2. Students can conduct basic process mapping analysis and elaborate on the limitations of the chosen method.
3. Students can calculate the needed capacity to meet demand.
4. Students can select and use problem-solving tools and methods.
5. Students can select and use the basic tools of lean thinking to improve the productivity of production and service operations.
6. Students can explain how new technologies and servitization affect production and operations management.
7. Additional skills: Students acquire experience in teamwork, report writing, and presentation.
|The course covers the most fundamental strategic and tactical concepts in production and operations management (POM).
POM is concerned with the business processes that transform input into output and deliver products and services to customers. POM is much more than what takes place inside the production facilities of companies like ABB, Boeing, BMW, LEGO, Nestlé, Roche, TESLA, and Toyota, to mention a few (although factory management is important and a big part of POM). Also, finance firms, professional service firms, media organizations, non-profit organizations, and public service companies are dependent on their operational capabilities. With the ongoing globalization and digitization of operations, POM has won a deserved status for providing a competitive advantage.

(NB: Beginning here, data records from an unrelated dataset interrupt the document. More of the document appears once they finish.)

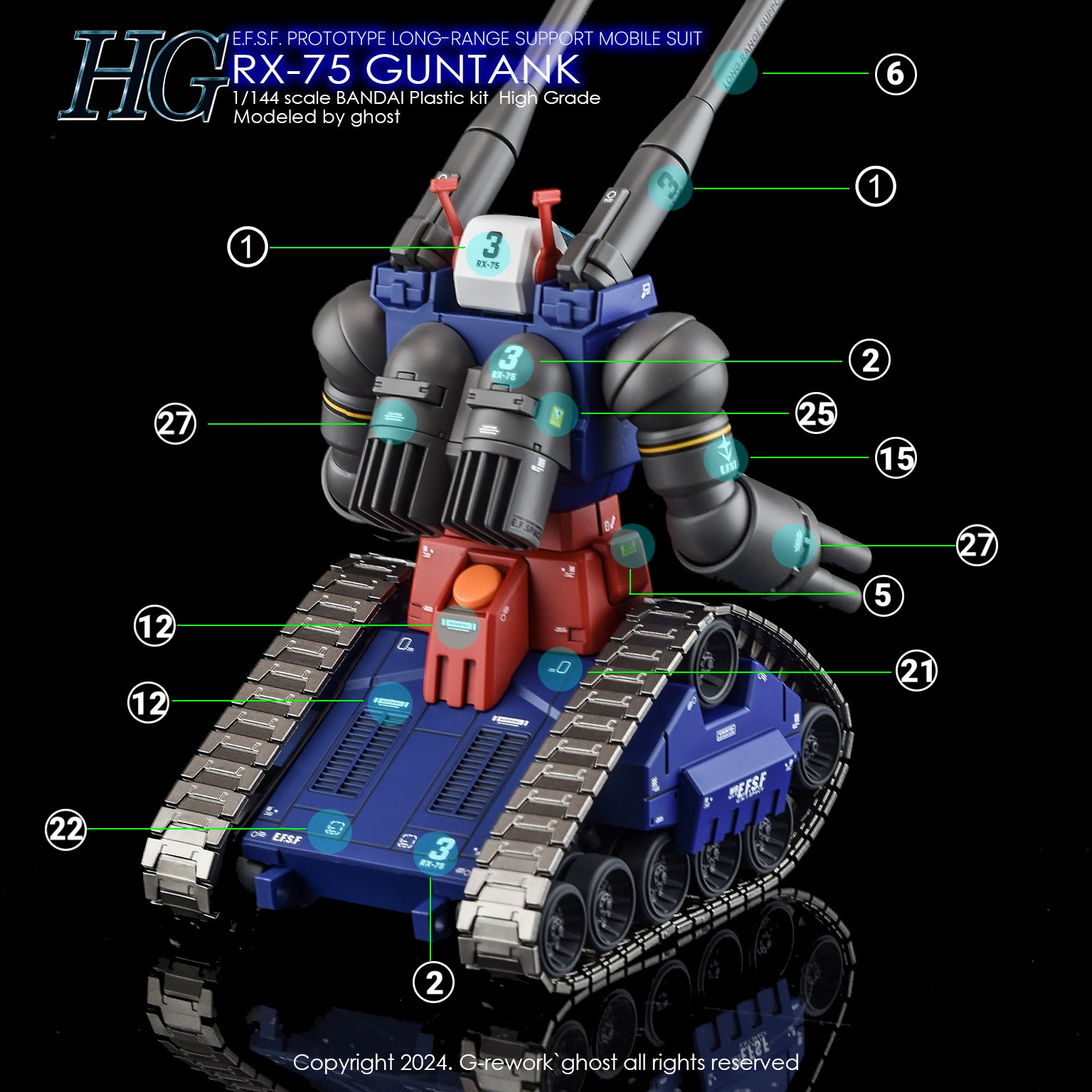 G-Rework [HG] RX-75 GUNTANK – Gundam Extra-Your BEST Gunpla Supplier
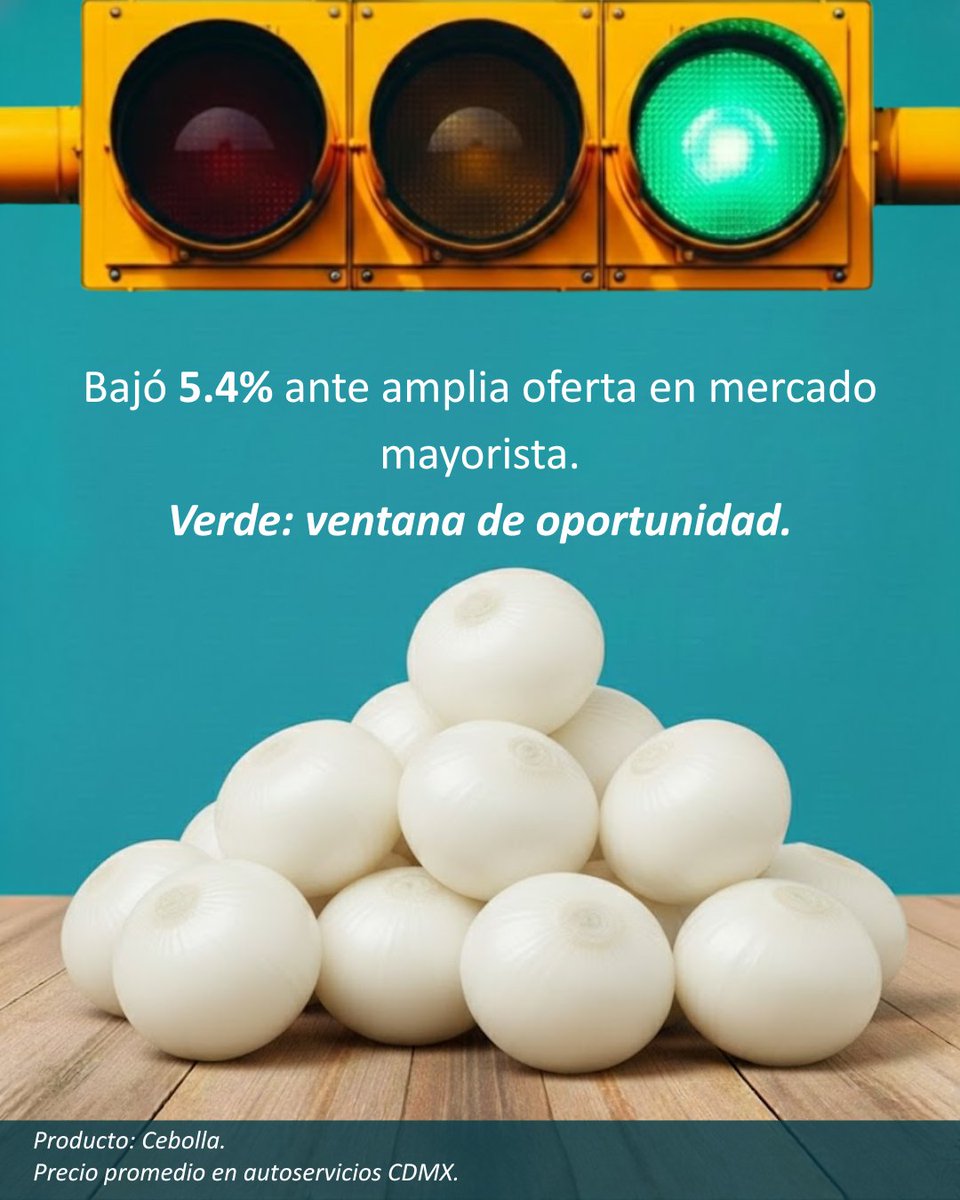 🌾#AgrocomunidadGCMA: semana con señales claras 👇

🔴Jalapeño +8% y zanahoria +6%; también presionan tomate y plátano 📈
🟢Naranja −6% y cebolla −5% por mayor oferta 📉
🟡Ajustes moderados en manzana, maíz, frijol y azúcar

#SemaforoAgroalimentario #TendenciasAgro #Mercados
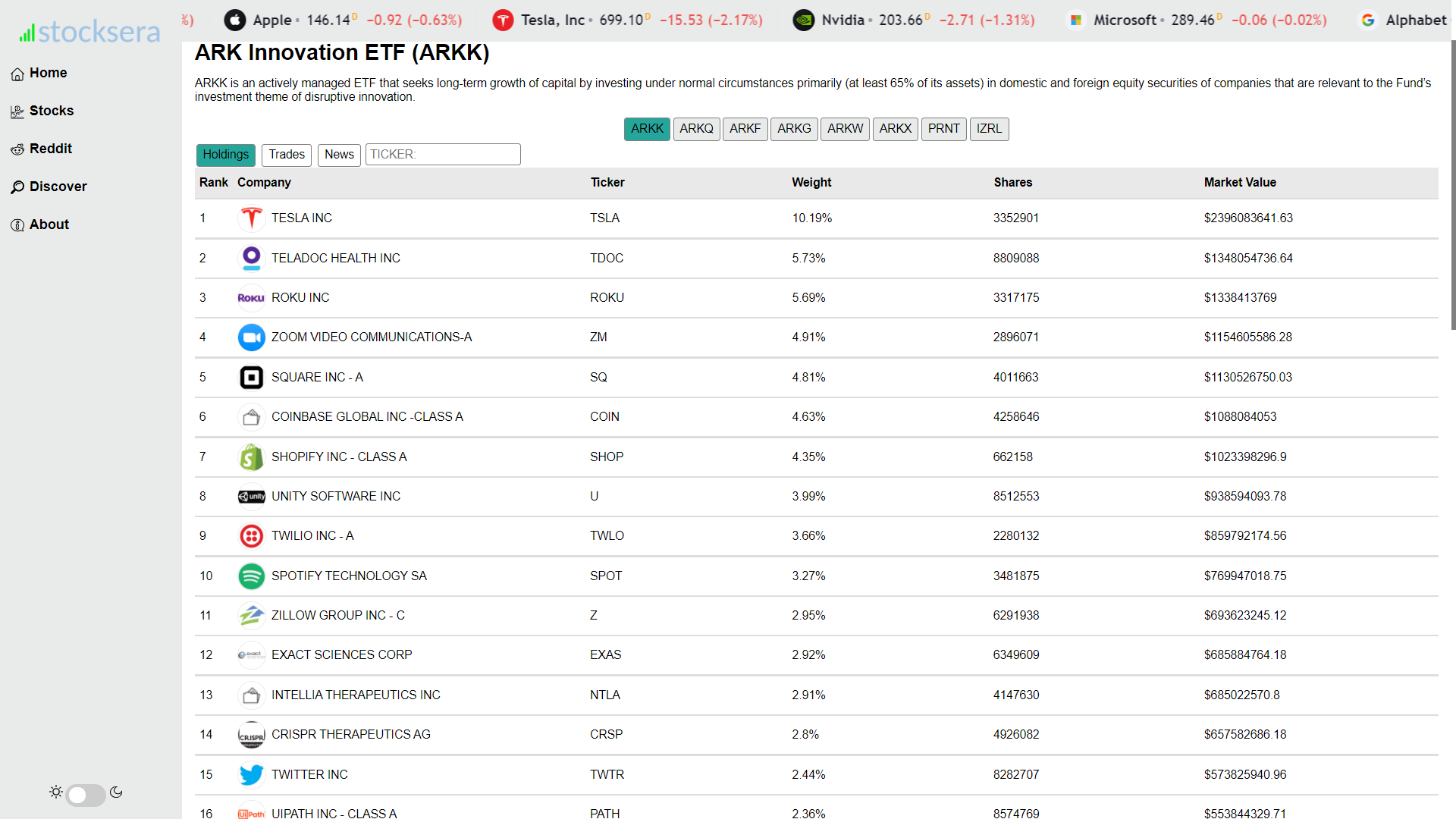 ARK Trades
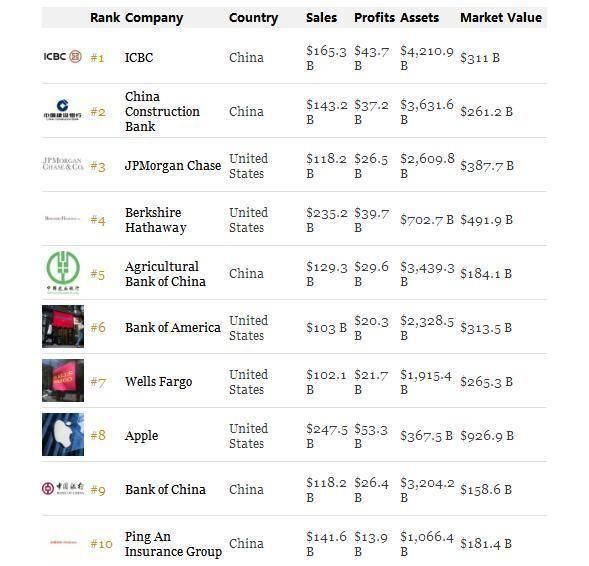 世界2000强企业名单：阿里巴巴排在第81位工商银行连续6年排名第1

The following three fundamental areas in POM are covered: (1) Introduction to POM and operations strategy. (2) Operations design and management, including demand and capacity management, production planning and control, the role of inventory, lean management, service operations, and performance measurement. (3) Operations improvement, including problem-solving and the use of new technologies in POM ("Industry 4.0" / digitalization). Students can expect to learn a range of useful concepts, principles, and methods that can be used to design, analyze, and improve value-creating processes.
POM is concerned with the productivity of technology, people, and processes. Hence, POM is a generic research field, relevant to all business sectors. Yet, many of the examples and concepts of POM stem from the manufacturing sector, which for many years have been subject to global competition and learned how to develop effective and efficient operations.
|Suggested literature is provided in the syllabus.